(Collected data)

----------

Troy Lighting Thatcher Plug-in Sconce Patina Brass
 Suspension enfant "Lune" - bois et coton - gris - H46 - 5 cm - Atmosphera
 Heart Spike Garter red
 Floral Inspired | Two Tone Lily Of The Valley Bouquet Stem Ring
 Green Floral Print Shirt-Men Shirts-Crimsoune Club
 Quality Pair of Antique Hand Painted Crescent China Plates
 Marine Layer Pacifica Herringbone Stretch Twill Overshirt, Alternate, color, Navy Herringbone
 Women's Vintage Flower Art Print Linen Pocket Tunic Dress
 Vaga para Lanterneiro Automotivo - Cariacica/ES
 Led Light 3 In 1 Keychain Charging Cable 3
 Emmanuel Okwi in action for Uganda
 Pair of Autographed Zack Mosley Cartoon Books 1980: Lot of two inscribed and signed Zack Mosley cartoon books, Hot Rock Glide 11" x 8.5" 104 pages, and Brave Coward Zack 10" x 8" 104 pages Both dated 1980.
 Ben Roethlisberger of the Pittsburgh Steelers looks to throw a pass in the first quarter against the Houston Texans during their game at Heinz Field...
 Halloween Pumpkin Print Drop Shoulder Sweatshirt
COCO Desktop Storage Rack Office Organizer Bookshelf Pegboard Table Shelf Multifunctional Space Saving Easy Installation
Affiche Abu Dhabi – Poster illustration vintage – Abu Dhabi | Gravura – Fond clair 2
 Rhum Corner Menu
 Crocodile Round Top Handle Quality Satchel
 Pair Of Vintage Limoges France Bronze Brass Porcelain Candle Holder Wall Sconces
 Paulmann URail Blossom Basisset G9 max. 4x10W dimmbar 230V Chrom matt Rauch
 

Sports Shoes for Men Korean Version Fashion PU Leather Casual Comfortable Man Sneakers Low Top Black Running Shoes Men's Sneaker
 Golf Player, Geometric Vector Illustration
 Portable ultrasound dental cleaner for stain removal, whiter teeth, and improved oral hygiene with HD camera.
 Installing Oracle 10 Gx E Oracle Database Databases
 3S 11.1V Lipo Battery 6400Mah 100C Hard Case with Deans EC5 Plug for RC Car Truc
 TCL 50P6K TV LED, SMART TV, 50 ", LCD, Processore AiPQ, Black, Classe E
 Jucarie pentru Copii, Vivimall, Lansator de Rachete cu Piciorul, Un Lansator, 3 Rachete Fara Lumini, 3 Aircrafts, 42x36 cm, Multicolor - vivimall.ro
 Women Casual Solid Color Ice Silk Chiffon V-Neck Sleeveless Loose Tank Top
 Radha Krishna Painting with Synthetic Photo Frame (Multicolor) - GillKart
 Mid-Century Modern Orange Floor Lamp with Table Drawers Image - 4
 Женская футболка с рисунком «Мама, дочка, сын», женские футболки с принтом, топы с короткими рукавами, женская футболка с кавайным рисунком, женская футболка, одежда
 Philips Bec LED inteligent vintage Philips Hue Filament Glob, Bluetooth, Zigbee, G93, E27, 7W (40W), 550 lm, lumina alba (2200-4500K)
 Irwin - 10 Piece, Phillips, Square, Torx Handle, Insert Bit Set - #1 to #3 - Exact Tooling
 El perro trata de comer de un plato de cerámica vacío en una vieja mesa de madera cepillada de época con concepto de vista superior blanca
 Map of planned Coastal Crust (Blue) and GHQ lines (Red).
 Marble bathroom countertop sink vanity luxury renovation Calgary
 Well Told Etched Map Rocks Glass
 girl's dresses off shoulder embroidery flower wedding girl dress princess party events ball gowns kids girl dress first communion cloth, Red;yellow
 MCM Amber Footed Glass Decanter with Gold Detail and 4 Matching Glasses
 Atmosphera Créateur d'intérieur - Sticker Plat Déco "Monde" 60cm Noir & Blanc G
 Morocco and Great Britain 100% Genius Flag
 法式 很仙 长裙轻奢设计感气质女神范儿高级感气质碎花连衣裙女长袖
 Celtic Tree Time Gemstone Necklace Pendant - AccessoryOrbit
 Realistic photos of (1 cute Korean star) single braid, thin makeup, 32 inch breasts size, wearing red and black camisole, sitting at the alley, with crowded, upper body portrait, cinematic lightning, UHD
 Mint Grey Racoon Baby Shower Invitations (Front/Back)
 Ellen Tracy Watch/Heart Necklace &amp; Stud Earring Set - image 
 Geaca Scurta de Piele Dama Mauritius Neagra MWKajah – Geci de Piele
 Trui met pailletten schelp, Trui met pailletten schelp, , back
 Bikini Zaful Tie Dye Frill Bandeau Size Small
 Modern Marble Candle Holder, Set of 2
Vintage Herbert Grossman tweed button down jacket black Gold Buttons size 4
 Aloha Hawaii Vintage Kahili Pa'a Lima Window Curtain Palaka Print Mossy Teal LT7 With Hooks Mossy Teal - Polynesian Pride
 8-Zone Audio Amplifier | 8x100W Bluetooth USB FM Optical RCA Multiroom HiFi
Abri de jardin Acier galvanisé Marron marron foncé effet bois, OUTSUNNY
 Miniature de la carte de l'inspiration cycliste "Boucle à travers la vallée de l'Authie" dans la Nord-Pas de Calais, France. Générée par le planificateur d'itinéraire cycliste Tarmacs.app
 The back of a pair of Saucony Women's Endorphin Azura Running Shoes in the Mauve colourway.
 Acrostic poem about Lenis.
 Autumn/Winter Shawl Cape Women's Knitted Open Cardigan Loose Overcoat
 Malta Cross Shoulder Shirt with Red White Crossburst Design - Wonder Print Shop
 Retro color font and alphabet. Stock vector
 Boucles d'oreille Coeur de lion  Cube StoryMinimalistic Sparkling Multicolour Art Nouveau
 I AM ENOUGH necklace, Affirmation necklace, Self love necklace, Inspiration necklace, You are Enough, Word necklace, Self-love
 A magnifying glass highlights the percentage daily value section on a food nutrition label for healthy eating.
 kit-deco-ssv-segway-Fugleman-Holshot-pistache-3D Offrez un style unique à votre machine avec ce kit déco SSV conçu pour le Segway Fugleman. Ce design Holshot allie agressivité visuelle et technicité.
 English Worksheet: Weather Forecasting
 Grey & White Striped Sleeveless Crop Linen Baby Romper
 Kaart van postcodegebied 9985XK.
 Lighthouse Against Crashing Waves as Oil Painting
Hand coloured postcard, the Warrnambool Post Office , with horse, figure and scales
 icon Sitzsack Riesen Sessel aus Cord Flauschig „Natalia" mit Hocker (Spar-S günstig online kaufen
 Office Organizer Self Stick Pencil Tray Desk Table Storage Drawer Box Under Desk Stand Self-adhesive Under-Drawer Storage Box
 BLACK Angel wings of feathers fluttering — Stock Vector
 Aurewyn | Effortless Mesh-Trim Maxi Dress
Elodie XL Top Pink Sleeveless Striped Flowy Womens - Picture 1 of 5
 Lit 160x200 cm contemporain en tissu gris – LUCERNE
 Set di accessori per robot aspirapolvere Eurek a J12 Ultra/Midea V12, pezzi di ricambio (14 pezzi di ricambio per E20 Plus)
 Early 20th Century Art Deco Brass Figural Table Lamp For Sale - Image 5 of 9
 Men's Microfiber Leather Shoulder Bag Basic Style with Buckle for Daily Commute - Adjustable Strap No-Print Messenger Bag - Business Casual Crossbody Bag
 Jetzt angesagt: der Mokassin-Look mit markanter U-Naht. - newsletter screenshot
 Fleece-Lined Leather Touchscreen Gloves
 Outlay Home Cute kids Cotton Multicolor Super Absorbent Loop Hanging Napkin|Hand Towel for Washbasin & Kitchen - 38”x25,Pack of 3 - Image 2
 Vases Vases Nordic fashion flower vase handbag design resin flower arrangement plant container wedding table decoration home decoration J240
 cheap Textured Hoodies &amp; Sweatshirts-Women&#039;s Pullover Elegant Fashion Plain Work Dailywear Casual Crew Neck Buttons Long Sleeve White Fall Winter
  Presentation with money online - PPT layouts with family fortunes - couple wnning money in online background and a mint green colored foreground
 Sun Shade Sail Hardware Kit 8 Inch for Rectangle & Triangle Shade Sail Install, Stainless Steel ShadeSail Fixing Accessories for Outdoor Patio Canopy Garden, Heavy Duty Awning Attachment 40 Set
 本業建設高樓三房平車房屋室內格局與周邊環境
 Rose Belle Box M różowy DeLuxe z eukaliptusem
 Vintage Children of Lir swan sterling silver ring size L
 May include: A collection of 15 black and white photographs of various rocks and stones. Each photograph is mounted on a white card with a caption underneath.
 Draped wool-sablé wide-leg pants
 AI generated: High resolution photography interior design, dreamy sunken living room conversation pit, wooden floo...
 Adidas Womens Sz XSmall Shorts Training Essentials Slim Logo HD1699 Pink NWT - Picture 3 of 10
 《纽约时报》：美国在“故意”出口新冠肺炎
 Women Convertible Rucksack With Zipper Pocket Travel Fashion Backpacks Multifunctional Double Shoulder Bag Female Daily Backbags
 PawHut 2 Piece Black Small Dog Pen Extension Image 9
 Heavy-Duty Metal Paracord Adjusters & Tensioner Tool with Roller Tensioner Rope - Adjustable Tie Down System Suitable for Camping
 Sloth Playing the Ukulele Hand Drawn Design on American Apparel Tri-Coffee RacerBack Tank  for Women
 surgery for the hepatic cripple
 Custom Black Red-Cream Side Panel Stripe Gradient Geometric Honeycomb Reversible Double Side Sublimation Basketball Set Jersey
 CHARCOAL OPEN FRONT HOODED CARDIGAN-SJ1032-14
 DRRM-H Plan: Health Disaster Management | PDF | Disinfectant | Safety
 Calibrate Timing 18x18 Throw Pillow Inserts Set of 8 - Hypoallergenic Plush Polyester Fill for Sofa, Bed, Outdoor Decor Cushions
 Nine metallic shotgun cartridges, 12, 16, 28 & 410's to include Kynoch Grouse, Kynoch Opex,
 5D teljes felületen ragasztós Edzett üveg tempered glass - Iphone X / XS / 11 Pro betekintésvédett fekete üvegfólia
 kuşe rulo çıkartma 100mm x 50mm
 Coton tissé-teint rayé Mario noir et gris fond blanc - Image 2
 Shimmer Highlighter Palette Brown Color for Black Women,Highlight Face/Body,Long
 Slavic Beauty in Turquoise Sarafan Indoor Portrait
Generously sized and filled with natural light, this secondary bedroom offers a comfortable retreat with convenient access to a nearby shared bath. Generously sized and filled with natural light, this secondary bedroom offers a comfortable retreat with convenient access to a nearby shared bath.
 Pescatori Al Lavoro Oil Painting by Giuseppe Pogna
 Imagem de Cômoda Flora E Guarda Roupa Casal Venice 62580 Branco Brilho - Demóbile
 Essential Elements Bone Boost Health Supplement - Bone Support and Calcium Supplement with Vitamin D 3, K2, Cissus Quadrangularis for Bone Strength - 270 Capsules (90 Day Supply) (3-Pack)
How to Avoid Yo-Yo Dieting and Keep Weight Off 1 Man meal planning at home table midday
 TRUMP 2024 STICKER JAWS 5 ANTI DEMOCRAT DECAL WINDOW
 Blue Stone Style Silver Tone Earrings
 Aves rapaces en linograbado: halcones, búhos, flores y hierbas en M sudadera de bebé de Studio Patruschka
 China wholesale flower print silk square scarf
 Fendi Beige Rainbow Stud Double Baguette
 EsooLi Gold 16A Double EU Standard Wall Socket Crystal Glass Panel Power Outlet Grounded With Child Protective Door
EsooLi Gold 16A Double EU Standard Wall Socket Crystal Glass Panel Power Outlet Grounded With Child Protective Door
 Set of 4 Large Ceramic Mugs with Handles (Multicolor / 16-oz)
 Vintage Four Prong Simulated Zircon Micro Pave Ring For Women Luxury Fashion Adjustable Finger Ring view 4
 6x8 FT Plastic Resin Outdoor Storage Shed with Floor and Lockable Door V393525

----------

- **WHAT THE EXERCISE ASKS**
If a line in the records includes the string "Pink", copy it.

- **TASK RESPONSE**
Elodie XL Top Pink Sleeveless Striped Flowy Womens - Picture 1 of 5
 Adidas Womens Sz XSmall Shorts Training Essentials Slim Logo HD1699 Pink NWT - Picture 3 of 10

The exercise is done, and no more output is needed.